Un autre virage qu’a pris Le Devoir est celui de la défense de la culture (…) Cela s’est fait au cours des années 1960 avec l’apparition de pages culturelles vouées à la création québécoise et qui, peu à peu, ont pris une telle importance que depuis deux décennies la culture et la politique sont les deux grandes lignes de force de notre journal (…) Il s’agit pour lui d’y participer par les moyens qui sont les siens. Ils sont simples: l’information, la réflexion et le débat d’idées. Le Devoir n’est pas dans l’action politique et il n’a pas à l’être.
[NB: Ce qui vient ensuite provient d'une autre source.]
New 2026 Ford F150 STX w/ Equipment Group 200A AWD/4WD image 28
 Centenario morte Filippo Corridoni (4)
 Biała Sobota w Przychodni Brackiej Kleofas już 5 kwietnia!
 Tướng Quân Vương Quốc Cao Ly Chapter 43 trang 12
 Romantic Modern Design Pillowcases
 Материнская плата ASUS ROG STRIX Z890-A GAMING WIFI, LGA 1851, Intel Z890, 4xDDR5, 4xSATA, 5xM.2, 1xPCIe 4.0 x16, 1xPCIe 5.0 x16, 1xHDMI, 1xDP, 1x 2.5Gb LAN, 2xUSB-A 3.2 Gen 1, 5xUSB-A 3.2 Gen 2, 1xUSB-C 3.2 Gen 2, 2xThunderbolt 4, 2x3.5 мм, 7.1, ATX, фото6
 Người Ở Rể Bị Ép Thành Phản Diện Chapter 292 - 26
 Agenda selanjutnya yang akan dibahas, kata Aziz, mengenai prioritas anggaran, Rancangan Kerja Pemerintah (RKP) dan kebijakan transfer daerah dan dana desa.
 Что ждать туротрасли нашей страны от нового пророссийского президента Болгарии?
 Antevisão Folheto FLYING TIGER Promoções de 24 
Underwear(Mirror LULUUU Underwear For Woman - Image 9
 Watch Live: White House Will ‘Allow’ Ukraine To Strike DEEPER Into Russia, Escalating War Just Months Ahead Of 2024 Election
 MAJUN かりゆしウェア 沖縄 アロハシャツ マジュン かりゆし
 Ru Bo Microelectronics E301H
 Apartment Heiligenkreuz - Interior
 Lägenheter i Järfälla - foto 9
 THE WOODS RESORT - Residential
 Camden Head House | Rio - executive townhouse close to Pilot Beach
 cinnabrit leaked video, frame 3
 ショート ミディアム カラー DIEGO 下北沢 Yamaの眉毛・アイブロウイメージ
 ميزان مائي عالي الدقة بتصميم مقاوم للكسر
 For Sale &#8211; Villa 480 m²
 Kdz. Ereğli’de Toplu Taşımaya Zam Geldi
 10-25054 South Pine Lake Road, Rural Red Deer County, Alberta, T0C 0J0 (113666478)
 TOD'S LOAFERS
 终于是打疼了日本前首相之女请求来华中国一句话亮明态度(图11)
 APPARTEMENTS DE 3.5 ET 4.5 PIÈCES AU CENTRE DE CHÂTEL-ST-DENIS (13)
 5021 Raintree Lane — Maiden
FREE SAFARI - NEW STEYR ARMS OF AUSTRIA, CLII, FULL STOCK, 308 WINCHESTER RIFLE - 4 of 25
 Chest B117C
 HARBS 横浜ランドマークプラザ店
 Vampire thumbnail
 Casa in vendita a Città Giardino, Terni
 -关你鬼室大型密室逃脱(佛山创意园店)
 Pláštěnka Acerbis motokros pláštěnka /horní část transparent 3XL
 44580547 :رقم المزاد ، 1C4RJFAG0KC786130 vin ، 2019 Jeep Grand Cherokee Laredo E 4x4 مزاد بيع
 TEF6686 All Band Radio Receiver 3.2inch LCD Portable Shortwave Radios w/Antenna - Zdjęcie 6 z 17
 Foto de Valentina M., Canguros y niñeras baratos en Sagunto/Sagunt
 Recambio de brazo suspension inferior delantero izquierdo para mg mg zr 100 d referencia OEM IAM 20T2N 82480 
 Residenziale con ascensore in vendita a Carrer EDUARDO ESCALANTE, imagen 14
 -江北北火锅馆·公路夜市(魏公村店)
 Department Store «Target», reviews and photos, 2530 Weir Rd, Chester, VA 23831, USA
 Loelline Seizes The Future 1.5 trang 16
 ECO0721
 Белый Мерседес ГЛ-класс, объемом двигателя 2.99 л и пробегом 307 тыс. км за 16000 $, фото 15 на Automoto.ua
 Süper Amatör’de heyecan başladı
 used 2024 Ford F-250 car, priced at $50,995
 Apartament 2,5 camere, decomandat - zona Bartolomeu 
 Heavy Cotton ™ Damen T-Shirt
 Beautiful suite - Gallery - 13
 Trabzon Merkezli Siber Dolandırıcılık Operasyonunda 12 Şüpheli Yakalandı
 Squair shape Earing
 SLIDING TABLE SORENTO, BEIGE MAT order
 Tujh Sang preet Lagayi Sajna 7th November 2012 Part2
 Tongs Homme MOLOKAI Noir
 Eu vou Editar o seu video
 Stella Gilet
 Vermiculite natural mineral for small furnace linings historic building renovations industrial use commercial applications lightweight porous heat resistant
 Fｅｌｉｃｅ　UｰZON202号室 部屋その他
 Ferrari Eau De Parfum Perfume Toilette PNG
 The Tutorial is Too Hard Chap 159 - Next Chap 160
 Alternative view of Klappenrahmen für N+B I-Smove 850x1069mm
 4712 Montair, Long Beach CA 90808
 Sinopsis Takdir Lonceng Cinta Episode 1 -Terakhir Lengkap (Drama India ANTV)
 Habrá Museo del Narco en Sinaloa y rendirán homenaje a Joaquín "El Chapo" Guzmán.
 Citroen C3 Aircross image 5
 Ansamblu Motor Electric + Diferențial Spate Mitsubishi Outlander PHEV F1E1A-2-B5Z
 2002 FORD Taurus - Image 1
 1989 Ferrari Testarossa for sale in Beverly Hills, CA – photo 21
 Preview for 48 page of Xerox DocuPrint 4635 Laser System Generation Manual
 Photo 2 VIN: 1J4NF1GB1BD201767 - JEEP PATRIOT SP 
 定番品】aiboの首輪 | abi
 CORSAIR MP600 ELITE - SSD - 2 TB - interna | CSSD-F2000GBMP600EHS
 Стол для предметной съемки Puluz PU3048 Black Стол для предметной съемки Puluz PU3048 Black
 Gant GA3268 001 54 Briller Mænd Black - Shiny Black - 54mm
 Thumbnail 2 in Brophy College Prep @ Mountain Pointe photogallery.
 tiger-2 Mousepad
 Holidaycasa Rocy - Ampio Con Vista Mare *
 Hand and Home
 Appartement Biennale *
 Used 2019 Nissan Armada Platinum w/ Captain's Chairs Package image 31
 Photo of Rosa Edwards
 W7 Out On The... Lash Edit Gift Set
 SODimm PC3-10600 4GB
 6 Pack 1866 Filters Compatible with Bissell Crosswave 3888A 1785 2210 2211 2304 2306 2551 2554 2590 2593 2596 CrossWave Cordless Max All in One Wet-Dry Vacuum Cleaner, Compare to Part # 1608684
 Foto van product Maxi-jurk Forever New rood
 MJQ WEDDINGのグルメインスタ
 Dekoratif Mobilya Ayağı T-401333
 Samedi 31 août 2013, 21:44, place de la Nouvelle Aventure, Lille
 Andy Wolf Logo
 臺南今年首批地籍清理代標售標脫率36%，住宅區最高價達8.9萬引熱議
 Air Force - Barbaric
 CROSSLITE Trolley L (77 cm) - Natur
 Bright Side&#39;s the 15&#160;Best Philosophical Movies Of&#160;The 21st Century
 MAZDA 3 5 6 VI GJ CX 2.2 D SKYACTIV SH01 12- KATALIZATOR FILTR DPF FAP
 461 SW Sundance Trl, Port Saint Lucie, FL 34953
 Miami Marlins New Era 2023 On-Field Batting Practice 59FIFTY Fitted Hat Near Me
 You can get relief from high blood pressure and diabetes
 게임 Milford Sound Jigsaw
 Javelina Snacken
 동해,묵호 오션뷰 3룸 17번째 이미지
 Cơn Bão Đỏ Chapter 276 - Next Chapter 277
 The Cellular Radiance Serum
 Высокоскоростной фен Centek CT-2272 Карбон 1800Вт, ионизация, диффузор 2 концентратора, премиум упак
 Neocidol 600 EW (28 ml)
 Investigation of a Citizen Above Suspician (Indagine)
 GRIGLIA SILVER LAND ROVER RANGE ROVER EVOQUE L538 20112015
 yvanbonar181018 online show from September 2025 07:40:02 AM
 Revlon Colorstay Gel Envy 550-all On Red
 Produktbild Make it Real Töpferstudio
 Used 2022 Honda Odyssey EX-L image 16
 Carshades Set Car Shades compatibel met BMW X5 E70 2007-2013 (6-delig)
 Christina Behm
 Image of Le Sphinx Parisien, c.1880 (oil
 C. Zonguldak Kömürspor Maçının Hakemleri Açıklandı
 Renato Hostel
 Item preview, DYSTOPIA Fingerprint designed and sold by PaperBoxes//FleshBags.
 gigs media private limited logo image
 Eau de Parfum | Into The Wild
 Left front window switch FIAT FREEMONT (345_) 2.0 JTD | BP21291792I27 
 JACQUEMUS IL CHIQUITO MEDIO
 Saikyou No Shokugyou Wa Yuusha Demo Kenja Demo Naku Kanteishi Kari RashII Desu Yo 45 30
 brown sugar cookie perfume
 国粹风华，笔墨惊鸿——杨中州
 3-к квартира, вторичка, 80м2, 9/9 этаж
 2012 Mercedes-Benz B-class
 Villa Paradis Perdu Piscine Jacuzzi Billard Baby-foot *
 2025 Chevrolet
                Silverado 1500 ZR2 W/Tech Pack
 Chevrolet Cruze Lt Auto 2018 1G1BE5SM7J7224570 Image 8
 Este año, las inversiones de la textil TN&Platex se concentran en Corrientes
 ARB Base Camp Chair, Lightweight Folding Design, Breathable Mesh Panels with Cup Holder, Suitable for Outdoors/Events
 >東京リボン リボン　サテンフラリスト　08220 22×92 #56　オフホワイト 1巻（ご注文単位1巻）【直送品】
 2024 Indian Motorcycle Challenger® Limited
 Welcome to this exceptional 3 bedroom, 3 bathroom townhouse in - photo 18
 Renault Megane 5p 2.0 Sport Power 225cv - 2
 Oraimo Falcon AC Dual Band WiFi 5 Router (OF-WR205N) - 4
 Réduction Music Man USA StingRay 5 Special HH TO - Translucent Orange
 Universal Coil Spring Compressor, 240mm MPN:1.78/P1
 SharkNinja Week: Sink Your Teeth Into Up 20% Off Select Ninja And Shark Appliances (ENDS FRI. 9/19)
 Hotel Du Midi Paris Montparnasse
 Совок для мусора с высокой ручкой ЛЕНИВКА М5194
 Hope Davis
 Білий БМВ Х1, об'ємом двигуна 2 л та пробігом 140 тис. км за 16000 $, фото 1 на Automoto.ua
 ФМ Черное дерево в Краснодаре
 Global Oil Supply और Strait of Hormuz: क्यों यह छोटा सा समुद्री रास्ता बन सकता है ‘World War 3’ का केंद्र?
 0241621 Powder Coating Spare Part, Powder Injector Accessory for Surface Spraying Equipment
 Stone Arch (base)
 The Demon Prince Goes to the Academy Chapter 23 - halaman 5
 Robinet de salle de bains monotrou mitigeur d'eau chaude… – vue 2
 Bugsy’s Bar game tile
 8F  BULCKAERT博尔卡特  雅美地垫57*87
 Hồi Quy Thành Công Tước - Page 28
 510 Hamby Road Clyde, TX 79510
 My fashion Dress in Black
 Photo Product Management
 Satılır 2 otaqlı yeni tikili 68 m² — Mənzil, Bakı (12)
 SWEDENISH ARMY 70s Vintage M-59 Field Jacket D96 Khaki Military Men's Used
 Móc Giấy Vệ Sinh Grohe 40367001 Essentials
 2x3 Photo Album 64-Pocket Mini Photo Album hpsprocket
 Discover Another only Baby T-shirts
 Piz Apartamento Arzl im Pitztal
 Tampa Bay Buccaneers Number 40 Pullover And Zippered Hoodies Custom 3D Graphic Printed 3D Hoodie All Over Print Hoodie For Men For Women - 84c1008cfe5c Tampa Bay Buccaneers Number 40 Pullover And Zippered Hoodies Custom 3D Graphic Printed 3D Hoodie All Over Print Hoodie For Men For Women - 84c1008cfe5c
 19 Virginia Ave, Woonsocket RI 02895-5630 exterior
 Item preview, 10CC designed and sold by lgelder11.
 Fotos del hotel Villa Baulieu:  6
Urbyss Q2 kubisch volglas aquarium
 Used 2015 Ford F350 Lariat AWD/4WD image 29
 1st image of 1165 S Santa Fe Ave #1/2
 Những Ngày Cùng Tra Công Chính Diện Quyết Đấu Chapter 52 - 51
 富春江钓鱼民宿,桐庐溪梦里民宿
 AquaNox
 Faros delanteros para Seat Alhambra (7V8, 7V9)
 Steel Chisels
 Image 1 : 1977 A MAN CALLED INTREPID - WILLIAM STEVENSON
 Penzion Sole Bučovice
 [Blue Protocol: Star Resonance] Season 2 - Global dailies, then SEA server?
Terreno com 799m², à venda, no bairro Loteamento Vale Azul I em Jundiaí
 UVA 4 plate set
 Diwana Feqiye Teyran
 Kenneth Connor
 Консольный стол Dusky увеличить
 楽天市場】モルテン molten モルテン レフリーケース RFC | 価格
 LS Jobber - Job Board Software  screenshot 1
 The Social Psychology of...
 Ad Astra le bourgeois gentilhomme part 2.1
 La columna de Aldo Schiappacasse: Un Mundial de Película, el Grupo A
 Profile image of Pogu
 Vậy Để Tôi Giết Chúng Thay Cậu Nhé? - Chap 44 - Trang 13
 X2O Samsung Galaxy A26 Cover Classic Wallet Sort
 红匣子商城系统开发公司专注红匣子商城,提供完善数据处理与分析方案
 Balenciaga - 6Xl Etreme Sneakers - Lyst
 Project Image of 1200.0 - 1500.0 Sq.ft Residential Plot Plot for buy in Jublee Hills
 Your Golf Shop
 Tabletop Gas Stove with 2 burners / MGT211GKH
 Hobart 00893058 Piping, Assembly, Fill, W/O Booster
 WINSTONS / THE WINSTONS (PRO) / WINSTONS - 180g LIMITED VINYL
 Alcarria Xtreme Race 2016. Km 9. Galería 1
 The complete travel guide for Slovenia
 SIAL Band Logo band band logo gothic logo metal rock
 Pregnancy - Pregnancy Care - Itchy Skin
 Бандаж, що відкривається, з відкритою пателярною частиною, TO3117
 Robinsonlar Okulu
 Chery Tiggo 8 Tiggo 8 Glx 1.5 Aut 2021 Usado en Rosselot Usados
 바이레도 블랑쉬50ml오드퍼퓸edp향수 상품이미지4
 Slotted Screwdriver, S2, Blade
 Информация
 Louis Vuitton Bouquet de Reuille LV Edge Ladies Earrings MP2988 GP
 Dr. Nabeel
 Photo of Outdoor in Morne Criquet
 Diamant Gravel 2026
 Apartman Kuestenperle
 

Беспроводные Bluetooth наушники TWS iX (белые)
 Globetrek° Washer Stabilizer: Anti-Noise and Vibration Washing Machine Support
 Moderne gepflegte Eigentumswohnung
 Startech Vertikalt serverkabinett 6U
Son engagement est moral et intellectuel ».

        Cet engagement peut parfois tenir en un mot tel l’éditorial de Lise Bissonnette du 9 juillet 1992. Imprimé en grasse dans un rectangle blanc son « NON » a frappé fort.

        Comme Henri Bourassa, Le Devoir tient à demeurer indépendant. « Désolé, mais la complaisance n’est pas le genre de la maison » note en 2010 un de ses rédacteurs Michel David.

        A l’époque de la « Grande Noirceur », le Premier Ministre Maurice Duplessis traite Le Devoir  de « canaille, putride, puant et cancéreux ». Bel hommage d’un tel personnage ! 

        Le Devoir est incontestablement un « journal de référence ». Dans un article intitulé « Cent ans plus tard » Denise Bombardier s’en réjouit « Chaque pays possède son journal de référence, celui qui a de l’influence sur ceux qui ont de l’influence, pour employer une formule simple ». Toutefois, elle déplore l’étiquette de « snob » accolé parfois aux lecteurs du Devoir. « Alors que l’on se croyait guéri de ces réflexes anti-intellectuels d’une autre époque, ils perdurent. En ce sens, la place du Devoir dans le Québec actuel nous éclaire sur l’état de la vie intellectuelle. Non pas que le journal soit sans défaut et sans faiblesse, mais il symbolise encore un désir de faire exister le débat d’idées sans démagogie et sans racolage. La rectitude politique est un piège difficile à contourner parfois, mais les points de vue divergents, voire opposés, exprimés par les collaborateurs parviennent à assurer un équilibre dont bénéficient les lecteurs ».